Boris Spassky, world chess champion in 1969, died aged 88, the Russian Chess Federation announced on Thursday. Particularly gifted and precocious, Spassky, born in 1937 in Leningrad (now St. Petersburg), became the 10th World Chess Champion in 1969. But he held the title for only three years.
In 1972, he played the match that was to mark his life, in Iceland, against the American prodigy Bobby Fischer, a game with the overtones of an East-West geopolitical confrontation, remembered as the “match of the century”. Defeated, Boris Spassky fell from grace. He moved to France in 1976 after marrying a French woman of Russian origin.
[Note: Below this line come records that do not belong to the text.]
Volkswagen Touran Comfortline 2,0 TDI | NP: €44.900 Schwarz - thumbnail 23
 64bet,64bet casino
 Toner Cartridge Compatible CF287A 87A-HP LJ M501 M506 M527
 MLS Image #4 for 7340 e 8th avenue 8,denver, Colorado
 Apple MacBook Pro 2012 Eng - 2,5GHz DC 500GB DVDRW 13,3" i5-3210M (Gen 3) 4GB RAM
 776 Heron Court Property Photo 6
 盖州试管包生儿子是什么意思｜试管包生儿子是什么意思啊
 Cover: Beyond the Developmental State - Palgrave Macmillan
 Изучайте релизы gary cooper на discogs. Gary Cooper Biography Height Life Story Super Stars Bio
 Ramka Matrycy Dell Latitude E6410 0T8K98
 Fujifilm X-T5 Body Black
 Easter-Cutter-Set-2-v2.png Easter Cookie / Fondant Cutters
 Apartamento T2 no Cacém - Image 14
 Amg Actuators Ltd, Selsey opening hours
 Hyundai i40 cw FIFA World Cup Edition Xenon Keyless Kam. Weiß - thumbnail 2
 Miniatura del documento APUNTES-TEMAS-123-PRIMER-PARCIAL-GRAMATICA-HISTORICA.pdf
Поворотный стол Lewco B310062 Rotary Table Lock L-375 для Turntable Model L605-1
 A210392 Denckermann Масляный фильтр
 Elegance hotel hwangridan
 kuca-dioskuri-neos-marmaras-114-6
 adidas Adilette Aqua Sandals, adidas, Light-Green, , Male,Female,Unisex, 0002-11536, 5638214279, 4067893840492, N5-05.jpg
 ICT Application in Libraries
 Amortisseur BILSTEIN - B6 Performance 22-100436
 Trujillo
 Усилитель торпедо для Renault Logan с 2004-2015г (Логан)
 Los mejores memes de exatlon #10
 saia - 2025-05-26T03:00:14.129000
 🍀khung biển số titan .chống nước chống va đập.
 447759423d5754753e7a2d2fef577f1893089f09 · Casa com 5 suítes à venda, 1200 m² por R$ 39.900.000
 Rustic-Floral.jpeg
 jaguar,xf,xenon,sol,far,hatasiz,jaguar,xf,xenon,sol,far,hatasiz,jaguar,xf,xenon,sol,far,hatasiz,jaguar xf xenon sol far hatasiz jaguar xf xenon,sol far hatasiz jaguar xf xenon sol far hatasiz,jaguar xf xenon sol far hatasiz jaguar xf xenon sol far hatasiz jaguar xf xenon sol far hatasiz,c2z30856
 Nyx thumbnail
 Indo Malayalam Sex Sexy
He obtained French nationality two years later.
Unofficial revenge against Fischer also lost
He didn’t return to the public eye until many years later, in 1992 in Yugoslavia, in an unofficial rematch against Bobby Fischer, which he also lost. After suffering two strokes in 2006 and 2010, he disappeared two years later from his French home and ended up in Moscow, where he appeared old and weakened on Russian television, with white hair and drawn features.
On X, the International Chess Federation (FIDE) paid tribute to “one of the most talented players of his generation”. and “prodigy of his discipline. Anatoli Karpov, famous for his duel with Garry Kasparov, also paid tribute to Spassky on Thursday. “He was always one of my main idols. There was (the Cuban player) Capablanca in first place and Spassky in second “said Karpov, quoted by the TASS agency.